(Short text fragments from websites)
---------------

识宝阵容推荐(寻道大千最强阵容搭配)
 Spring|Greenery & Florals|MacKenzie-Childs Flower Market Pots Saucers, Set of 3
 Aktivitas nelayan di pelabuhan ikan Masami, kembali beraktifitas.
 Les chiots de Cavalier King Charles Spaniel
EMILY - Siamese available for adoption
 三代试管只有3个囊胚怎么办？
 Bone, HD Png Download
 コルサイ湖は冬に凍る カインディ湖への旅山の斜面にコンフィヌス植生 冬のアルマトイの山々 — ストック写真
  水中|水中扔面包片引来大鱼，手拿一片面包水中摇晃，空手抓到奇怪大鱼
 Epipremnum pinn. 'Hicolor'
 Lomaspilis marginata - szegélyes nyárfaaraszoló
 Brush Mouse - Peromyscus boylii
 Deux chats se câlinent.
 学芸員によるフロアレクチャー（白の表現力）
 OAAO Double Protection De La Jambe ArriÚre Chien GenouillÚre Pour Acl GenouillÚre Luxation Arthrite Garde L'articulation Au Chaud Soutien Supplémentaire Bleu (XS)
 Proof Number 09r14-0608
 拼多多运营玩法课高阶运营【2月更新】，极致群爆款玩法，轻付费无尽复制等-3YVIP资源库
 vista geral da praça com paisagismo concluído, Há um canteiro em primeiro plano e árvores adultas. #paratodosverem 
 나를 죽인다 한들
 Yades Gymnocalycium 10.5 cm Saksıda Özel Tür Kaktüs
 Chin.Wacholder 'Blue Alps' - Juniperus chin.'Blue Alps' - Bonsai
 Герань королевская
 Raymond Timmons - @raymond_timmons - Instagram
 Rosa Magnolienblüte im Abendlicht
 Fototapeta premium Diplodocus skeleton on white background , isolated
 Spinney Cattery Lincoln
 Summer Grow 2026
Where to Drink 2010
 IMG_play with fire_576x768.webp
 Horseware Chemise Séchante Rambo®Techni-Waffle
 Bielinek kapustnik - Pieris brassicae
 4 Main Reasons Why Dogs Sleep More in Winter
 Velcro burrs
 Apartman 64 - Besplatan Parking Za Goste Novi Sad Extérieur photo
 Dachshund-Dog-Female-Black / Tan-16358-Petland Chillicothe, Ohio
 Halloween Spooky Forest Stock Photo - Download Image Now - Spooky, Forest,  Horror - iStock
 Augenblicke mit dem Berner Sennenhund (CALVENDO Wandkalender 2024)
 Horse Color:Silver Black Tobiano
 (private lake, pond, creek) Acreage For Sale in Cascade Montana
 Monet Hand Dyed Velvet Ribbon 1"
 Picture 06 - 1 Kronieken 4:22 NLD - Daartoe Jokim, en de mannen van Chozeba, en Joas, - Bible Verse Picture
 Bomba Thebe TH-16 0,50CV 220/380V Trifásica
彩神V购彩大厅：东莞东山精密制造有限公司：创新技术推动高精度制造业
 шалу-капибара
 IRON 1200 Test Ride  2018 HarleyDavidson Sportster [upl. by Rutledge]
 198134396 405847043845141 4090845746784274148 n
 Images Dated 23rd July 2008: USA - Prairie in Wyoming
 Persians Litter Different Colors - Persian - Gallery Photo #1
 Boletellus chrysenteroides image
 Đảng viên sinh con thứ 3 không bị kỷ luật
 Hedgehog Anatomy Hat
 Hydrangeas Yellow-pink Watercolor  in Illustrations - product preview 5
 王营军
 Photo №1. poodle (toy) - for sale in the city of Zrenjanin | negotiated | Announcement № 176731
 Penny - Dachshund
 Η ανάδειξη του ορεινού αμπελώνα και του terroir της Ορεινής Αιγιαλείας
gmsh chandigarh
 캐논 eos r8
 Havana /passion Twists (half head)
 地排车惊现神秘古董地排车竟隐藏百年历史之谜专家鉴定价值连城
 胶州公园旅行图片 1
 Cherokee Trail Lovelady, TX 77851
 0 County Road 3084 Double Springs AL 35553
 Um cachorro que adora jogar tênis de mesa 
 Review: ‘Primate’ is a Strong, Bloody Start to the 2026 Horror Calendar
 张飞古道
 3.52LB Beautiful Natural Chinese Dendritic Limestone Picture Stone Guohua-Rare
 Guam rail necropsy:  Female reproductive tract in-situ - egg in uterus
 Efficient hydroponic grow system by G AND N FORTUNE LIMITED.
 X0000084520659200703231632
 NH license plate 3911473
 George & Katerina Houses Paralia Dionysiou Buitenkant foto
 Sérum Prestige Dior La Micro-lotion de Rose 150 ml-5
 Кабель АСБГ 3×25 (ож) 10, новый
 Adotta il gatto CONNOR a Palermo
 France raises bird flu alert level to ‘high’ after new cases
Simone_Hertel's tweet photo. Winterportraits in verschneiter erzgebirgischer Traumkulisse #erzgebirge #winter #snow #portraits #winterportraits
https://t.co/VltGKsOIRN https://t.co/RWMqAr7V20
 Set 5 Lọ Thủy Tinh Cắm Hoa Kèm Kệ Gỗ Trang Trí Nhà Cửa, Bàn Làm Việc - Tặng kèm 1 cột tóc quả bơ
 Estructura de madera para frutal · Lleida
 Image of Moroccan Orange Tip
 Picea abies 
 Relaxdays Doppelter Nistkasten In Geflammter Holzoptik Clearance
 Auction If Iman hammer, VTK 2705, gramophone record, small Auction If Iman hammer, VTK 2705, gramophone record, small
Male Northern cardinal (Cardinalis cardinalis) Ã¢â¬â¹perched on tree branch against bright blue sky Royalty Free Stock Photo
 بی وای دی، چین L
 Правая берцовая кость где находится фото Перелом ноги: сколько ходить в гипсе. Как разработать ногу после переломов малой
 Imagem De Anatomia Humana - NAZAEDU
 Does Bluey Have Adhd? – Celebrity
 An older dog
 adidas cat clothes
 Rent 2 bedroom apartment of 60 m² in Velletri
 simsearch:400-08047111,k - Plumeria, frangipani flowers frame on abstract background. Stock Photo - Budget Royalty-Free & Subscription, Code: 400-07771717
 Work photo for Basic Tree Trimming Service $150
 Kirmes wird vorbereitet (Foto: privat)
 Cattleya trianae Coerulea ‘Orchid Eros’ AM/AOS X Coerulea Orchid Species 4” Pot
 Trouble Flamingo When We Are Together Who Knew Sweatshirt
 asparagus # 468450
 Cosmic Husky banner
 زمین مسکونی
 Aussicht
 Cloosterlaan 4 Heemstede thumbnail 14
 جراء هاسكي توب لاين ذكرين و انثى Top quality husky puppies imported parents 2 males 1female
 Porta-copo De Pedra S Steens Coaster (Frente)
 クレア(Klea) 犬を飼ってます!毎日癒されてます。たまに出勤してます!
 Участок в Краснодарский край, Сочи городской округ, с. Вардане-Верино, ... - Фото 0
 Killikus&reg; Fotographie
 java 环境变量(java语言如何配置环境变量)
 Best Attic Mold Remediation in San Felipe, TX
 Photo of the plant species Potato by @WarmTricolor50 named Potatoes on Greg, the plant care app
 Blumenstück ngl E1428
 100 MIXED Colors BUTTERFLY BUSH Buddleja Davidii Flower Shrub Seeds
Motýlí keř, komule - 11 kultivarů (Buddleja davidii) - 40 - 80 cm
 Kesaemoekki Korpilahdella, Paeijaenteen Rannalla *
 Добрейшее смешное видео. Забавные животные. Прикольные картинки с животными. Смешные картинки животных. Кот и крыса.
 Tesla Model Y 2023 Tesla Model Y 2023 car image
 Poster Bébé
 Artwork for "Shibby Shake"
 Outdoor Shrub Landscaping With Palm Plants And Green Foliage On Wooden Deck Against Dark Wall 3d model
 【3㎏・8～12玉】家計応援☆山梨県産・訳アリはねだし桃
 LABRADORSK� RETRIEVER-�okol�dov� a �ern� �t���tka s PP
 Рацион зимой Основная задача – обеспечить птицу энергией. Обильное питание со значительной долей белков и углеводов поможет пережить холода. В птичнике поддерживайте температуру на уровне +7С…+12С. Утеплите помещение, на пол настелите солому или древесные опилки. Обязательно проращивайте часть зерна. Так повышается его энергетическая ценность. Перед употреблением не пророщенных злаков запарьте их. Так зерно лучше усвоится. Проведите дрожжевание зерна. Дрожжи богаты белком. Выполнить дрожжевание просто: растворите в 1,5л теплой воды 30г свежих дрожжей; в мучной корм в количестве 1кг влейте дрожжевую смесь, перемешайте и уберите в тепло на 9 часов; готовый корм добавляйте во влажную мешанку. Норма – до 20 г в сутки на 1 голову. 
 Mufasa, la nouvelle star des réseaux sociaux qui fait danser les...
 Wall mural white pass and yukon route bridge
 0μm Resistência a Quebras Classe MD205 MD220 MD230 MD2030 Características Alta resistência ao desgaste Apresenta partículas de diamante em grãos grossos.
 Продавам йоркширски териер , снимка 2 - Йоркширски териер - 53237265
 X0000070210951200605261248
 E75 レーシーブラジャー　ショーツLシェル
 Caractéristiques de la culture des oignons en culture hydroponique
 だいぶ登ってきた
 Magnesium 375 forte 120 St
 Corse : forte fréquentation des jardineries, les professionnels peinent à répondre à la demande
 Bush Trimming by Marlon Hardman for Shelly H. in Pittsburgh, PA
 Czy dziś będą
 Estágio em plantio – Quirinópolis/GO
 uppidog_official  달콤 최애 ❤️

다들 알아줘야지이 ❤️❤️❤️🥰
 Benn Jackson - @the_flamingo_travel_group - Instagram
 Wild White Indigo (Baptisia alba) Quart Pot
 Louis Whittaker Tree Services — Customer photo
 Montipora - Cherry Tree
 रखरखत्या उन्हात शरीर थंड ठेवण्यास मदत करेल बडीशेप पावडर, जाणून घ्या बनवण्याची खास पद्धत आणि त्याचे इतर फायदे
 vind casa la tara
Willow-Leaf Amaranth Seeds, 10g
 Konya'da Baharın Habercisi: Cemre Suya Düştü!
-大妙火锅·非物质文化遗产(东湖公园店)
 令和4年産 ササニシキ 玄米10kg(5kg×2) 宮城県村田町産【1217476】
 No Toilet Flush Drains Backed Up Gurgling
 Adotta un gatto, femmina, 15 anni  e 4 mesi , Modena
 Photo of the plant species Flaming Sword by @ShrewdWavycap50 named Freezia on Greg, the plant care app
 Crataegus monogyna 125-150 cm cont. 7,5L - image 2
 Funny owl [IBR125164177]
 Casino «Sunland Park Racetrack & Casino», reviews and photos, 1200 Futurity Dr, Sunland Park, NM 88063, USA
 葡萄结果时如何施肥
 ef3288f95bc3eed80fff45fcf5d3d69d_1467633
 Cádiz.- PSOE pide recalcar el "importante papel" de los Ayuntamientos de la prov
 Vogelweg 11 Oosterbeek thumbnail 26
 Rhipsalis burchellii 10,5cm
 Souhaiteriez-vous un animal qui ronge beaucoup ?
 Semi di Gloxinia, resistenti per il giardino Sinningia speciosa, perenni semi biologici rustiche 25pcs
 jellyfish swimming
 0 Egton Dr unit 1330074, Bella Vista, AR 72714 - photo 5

---------------

PROBLEM TO WORK ON:
In the records above, the line with "Motýlí keř, komule" marks the start and the line with "LABRADORSK� RETRIEVER-�okol�dov� a" marks the end; copy that stretch exactly, both lines included, and nothing else.

SOLUTION BELOW:
Motýlí keř, komule - 11 kultivarů (Buddleja davidii) - 40 - 80 cm
 Kesaemoekki Korpilahdella, Paeijaenteen Rannalla *
 Добрейшее смешное видео. Забавные животные. Прикольные картинки с животными. Смешные картинки животных. Кот и крыса.
 Tesla Model Y 2023 Tesla Model Y 2023 car image
 Poster Bébé
 Artwork for "Shibby Shake"
 Outdoor Shrub Landscaping With Palm Plants And Green Foliage On Wooden Deck Against Dark Wall 3d model
 【3㎏・8～12玉】家計応援☆山梨県産・訳アリはねだし桃
 LABRADORSK� RETRIEVER-�okol�dov� a �ern� �t���tka s PP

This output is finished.